On the topic of historical fiction and its influence on modern views of race relations, literary scholar Rachelle Kuehl notes that Laura Ingalls Wilder'south Little House series has received backlash for her problematic portrayal of Native Americans.[44] They have also been the subject field of postcolonial writing including Kathy Jetnil-Kijiner'south "To Laura Ingalls Wilder" included in her 2017 collection Iep Jaltok: Poems from a Marshallese Daughter.
Enduring appeal [edit]
The original Little House books, written for elementary school–historic period children, became an enduring, eight-volume tape of pioneering life tardily in the 19th century based on the Ingalls family's experiences on the American frontier. Equally Irene Smith pointed out shortly after "These Happy Golden Years (1943) was published, Wilder began "with a style appealing to the eight-twelvemonth-olds and continuing in volumes of increasing length and difficulty. This graduation is a distinguishing characteristic of the Little Firm books."[45] The First 4 Years, about the early days of the Wilder marriage, was discovered by her literary executor Roger MacBride after Lane'south 1968 death and published in 1971, unedited by Lane or MacBride. Information technology is now marketed as the ninth volume.[41]

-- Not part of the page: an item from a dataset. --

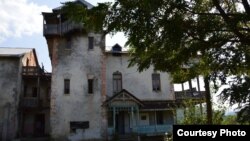Здание, находящееся на краю села Гарикула, кажется, спряталось от посторонних глаз. Но, разглядев, забыть его невозможно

Since the publication of Little Firm in the Big Woods (1932), the books have been continuously in impress and have been translated into xl other languages. Wilder's beginning—and smallest—royalty check from Harper, in 1932, was for $500, equivalent to $9,930 in 2021. By the mid-1930s the royalties from the Little House books brought a steady and increasingly substantial income to the Wilders for the first time in their l years of marriage. The collaboration as well brought the two writers at Rocky Ridge Farm the money they needed to recoup the loss of their investments in the stock market. Various honors, huge amounts of fan mail service, and other accolades were bestowed on Wilder.[ citation needed ]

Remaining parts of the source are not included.